A ship on course of 253° T at 14 knots. At 2329 a lighthouse was observed bearing 282° T. At 2345 the same lighthouse bears 300° T. Find the ship’s distance off the second bearing and when abeam?


Given:

              Course = 253°
               Speed = 14 knots
     First Bearing = 282°
 Second Bearing = 300°

Find:
             A.) Ship’s distance off the second bearing
             B.) Ship’s distance when abeam

Solution:

1. Find first Angles  A, B, C:

       a.)Co = 253° T
        Brg1 = 282° T 
    Angle A = 29° R

      b.) Co = 253° T
         Brg2 = 300° T
     Angle B = 47° R

     c.) Angle B = 47° R
          Angle A = 29° R
          Angle C = 18° R 

2. Then solve for AB (Distance Run Between 1st & 2nd Observation)

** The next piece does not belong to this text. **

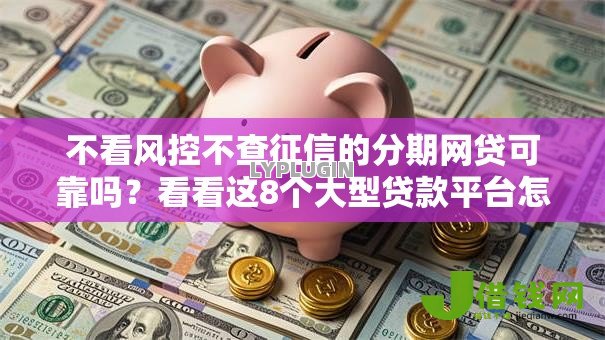 不看风控不查征信的分期网贷可靠吗?看看这8个大型贷款平台怎么样 不看风控不查征信的分期网贷可靠吗?看看这8个大型贷款平台怎么样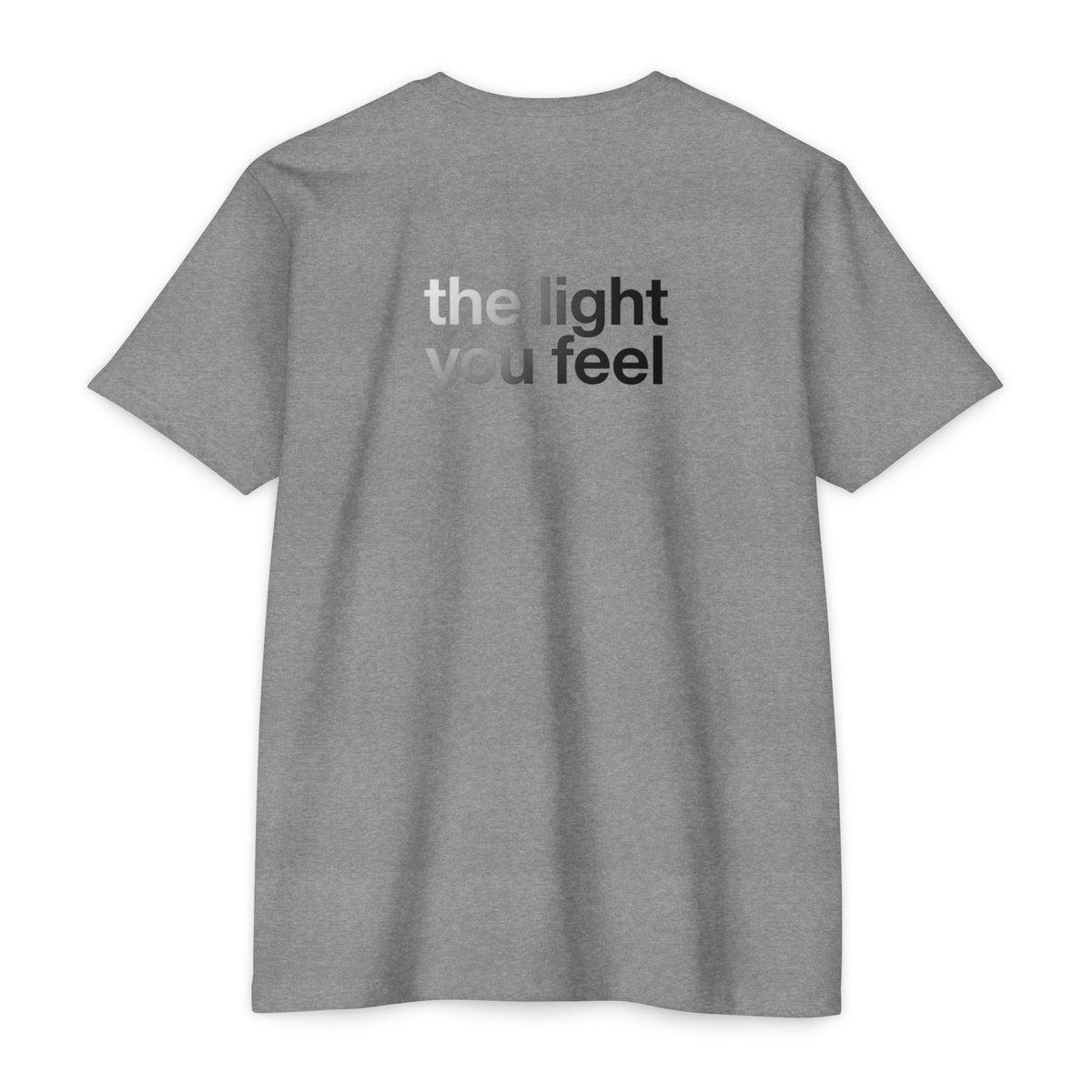 The Light You Feel - Lutron T-Shirt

               AB = ( Time 2 – Time 1 ) x Speed
                     = ( 2345 – 2329 ) x 14 knots
                     = 16 minutes x 14 knots
                AB = 3.73 nautical miles

 3. Solve for Distance off at second bearing (BC): (By SINE Law)

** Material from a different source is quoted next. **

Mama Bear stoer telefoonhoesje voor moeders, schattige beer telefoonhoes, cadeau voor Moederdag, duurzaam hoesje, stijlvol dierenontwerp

                BC = Sin A x AB 
                              Sin C
                 BC = Sin 29° x 3.73
                              Sin 18°
                 BC = 5.9 nautical miles (Distance off at 2nd bearing)

4. Solve for Distance at Abeam (CD) : (By SOH – CAH – TOA)

                CD = BC x Sin B
                CD = 5.9 x Sin 47°
                CD = 4.3 nautical miles ( Distance at Abeam)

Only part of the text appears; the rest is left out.